The honking was getting louder as my captors got more anxious, and bread-thirsty, and I was starting to freak out some. I think my mom was getting worried too, because her slightly higher pitched than normal advice was, "Guinevere...I think you should throw the bread and run."

She probably should have been more specific, because instead of lobbing the bread over the geese, and distracting them, I threw both pieces directly into the face of the biggest goose, standing about 6 inches from me, and he was NOT pleased.

My mom yelled, "Run, Guinevere, RUN! Throw the bag and run!"

I did run, but my confused, and panicked, mind couldn't grasp what the bag had to do with anything, and I was using it as a weapon now, to keep the geese as far away from me as possible, which wasn't far at all. They were nipping at my shirt and pants, and hair, and honking loudly at me from every side.

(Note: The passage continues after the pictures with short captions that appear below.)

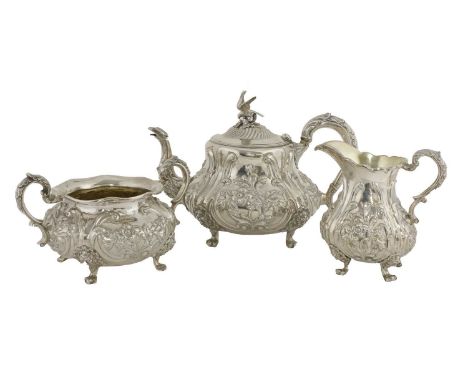 A Victorian three-piece silver tea set,by William Hunter, London 1848, comprising a teapot, milk jug and sugar bowl, each of 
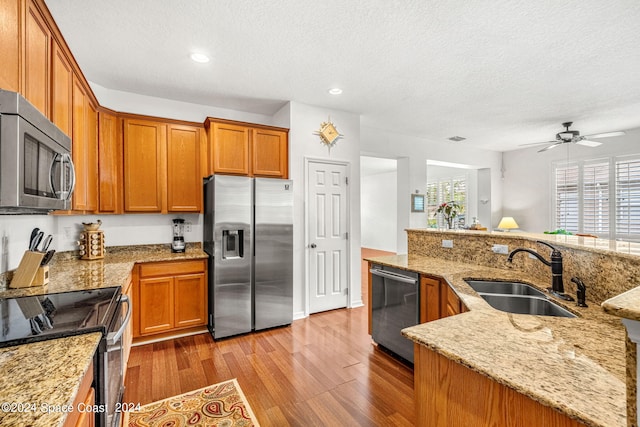 kitchen with appliances with stainless steel finishes, a healthy amount of sunlight, a sink, and wood finished floors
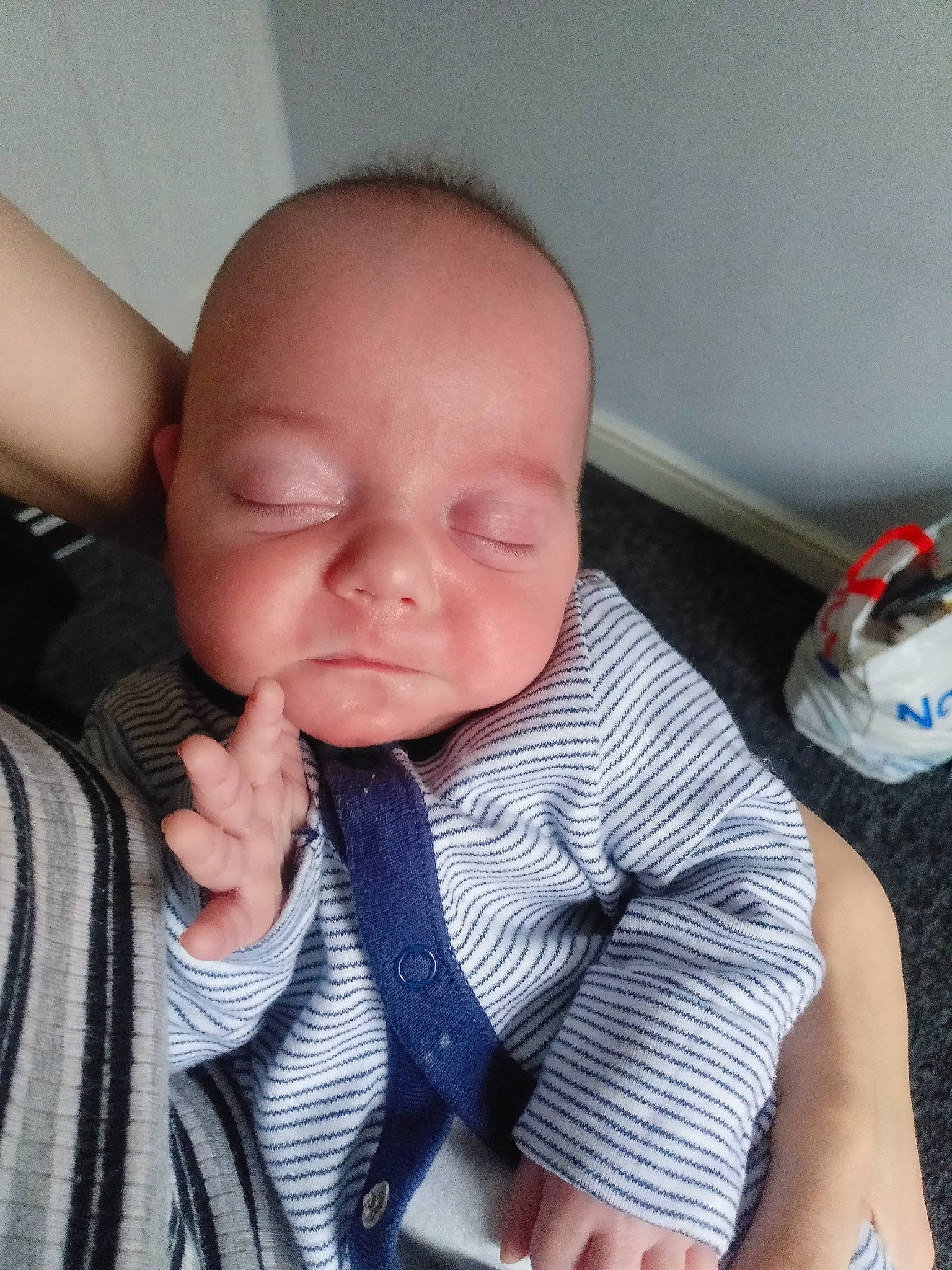 Danny is registered to the contest to win money with this photo: baby, baby_products, baby_sleeping, baby_toddler_clothing, cheek, child, comfort, finger, flesh, nail, nap, person, skin, sleep, thumb, toddler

Finally I got a burst of speed and managed to get a little bit ahead of the geese, but not very far. My frenzied bag swinging must have looked hilarious to any witnesses, because my mom was doubled over laughing, but kept yelling at me, "just drop the bag!"
which I still wasn't willing to do.

It felt like I was running from those geese forever, and I was starting to get tired. I saw a tree near the pond and thought maybe I could get behind it, or somehow use it to get away, and with the last of my strength I sped up and ran around the back side of the tree and felt like I was getting away when my foot caught on a root and SPLAT! I slid across the wet grass, and probably mounds of bird poop, and was soon pounced upon by all of the geese. They were pulling at my hair and toes, and pants, and shirt, and whapping me with their wing tips. I curled up in a ball and covered my face with my hands, while still holding the bag, which caused them to bite my fingers too.

My mom came running all the way across the park yelling nonstop "Drop the bag, Guinevere, DROP THE BAG!"

I don't know how many times she yelled it before it finally dawned on me that the stupid geese thought there was still bread in the bag, and, still covering my face, I wadded the bag up and thew it as hard as I could. The bag flew about a foot, but it was enough to get the geese off of me.

Right as my mom came running up, the geese triumphantly took the orange bread bag into the water, and as a final payment, for not having anymore bread, one of the geese grabbed my flip-flop from where it had gotten stuck in the tree root, and took it in the water too.

I was bruised, scraped, bleeding, muddy, covered in bird shit, and sobbing uncontrollably all the way home on the bus.

I wonder what people thought my mom had done.